Dans le futur, quelles seront les tendances et les enjeux de l’Agilité pour le secteur public ?

Marta Thongsavarn :

  1. Sécuriser l’exécution contractuelle et budgétaire des marchés publics : il est nécessaire de déployer un cadre contractuel permettant la mise en application d’un travail agile, itératif, orchestré de manière flexible dans son pilotage. Et qui permettra d’atténuer le risque sur une base régulière tout au long du développement.
  2. Sécuriser l’approvisionnement de talents : la guerre des talents fait rage, pour attirer, recruter et fidéliser les talents, les entreprises doivent utiliser des méthodes de collaboration modernes, des environnements de travail attractifs, des trajectoires d’évolution motivante. Travailler sur des technologies du passé demande des efforts considérables et l’énergie déployée à former de jeunes informaticiens à coder en INFORMIX 4GL ou en COBOL pour faire face à un principe de réalité informatique pourrait être mieux utilisé !
  3. Connecter les talents pour favoriser l’autonomie et la confiance aux dépens de la subordination et du contrôle, l’intelligence collective en co-construction aux dépens de l’exécution rigide de plans figés, les démarches promouvant les tests et l’expérimentation aux dépens des lourdeurs administratives en garantissant le droit à l’erreur pour entreprendre, échouer rapidement pour apprendre plus vite.
  4. Placer l’usager au cœur de ses préoccupations pour mieux comprendre ses besoins, prendre en compte ses retours, et garantir la pertinence, l’efficacité et la continuité des services offerts aux usagers.

Le Lean & l’agile peuvent ainsi contribuer à la modernisation de l’action publique avec un ancrage fort dans les piliers du service public : égalité, continuité et adaptabilité illustrée par le principe de mutabilité du service public, « d’adaptation constante du service public ». L’approche centrée sur le citoyen (Citizen-Centric) permet à l’usager-consommateur d’attendre le meilleur de ce que le service public peut lui offrir.

Chabane Degdag : L’Agilité est un formidable accélérateur de la performance opérationnelle et de la production de valeur.

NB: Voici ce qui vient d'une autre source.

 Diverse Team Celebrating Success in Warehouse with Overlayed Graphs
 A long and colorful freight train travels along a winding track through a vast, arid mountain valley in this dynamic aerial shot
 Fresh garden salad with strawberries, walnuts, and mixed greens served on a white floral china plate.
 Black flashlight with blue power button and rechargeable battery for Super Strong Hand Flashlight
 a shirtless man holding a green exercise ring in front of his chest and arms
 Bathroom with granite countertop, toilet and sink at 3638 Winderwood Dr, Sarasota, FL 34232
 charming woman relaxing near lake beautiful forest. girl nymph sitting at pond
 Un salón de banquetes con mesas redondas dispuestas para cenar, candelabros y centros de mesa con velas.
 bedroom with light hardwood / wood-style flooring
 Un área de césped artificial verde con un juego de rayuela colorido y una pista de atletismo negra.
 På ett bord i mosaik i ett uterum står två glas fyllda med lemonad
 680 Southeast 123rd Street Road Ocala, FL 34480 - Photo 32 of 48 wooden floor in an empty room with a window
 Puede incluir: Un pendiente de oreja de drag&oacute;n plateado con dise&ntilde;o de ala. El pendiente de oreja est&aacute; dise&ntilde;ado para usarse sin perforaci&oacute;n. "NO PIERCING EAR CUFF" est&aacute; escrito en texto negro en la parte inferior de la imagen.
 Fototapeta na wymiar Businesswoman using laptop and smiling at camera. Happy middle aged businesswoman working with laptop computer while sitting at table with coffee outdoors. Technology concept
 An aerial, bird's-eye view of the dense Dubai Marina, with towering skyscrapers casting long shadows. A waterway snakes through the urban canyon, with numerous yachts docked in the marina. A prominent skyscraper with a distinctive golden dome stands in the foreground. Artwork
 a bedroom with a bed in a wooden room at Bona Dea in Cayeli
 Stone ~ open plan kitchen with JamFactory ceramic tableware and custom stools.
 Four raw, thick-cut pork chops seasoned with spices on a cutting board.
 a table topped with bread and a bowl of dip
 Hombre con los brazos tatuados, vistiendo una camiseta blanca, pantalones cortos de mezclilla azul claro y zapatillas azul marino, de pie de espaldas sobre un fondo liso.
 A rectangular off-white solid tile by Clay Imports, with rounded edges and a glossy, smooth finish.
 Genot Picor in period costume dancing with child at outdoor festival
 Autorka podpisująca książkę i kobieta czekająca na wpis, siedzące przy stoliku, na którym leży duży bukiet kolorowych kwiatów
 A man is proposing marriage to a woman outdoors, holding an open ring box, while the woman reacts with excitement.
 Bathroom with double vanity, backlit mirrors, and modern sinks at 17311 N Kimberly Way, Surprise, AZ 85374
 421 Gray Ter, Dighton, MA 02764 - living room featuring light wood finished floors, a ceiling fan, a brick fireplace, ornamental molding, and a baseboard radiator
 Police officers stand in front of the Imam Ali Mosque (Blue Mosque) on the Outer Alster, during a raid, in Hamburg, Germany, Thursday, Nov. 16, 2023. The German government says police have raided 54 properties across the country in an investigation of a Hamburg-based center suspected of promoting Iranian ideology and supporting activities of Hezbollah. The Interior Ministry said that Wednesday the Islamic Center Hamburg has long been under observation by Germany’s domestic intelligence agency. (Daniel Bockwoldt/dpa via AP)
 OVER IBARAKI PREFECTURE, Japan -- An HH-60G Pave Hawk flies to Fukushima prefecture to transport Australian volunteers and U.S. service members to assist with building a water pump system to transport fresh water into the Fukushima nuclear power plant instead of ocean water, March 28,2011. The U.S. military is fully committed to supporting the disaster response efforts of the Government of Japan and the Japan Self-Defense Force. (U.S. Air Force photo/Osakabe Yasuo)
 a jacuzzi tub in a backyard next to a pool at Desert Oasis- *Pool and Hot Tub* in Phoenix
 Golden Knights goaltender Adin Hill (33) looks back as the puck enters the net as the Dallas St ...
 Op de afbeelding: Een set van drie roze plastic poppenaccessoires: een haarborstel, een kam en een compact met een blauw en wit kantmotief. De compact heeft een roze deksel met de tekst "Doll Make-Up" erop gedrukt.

Aujourd’hui, pour aller encore plus loin dans l’agilité, il est très intéressant d’intégrer la démarche produit.

L’IT a longtemps été géré par les services informatiques avant de se transformer en SI et de devenir un soutien aux enjeux et ambitions de l’administration. Les évolutions sont gérées comme des projets et l’agilité permet d’introduire les principes d’incréments et d’itérations avec la possibilité de délivrer plus régulièrement. Mais la valorisation des éléments du « backlog » et la gestion PMV sont encore perfectibles. La prochaine étape donc serait de considérer le SI comme un produit, une multitude de produits, voire une plateforme qui serait en perpétuelle évolution et qui en deviendrait un actif de l’État qui serait géré par un Product Management afin d’orienter le travail des équipes vers la maximisation de la valeur délivrée.